(REQUIRED WORK): Go through the listing and count the lines with "that" in them; write only the number.

(DATASET EXCERPTS):
◇ ◇ ◇ ◇ ◇

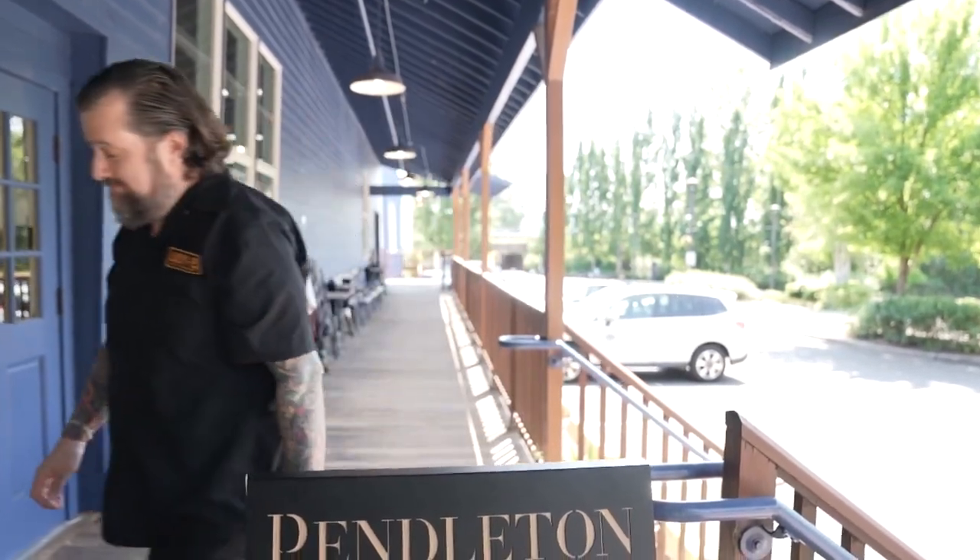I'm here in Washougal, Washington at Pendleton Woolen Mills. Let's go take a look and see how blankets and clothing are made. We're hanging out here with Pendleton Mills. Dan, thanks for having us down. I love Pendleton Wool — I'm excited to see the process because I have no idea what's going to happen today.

◇ ◇ ◇ ◇ ◇

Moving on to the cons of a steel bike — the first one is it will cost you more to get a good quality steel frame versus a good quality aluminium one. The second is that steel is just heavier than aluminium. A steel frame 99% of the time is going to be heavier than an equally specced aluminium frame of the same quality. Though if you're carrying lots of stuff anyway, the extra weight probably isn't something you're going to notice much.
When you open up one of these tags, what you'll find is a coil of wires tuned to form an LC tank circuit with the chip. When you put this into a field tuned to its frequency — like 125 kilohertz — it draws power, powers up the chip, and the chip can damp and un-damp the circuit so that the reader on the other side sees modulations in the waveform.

◇ ◇ ◇ ◇ ◇

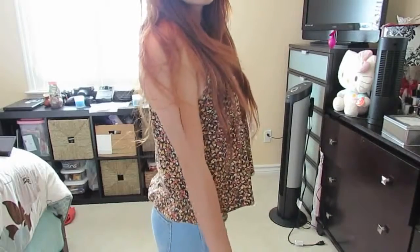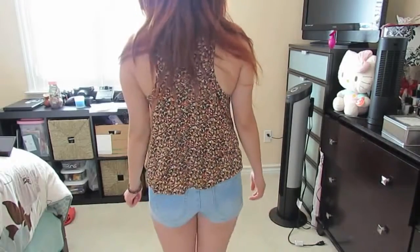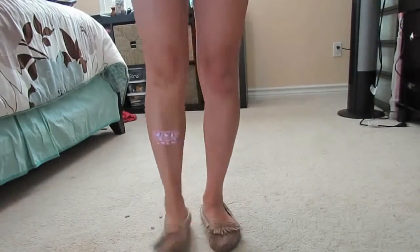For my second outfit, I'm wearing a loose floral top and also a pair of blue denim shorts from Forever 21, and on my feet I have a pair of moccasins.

◇ ◇ ◇ ◇ ◇

(WRITTEN SOLUTION): 2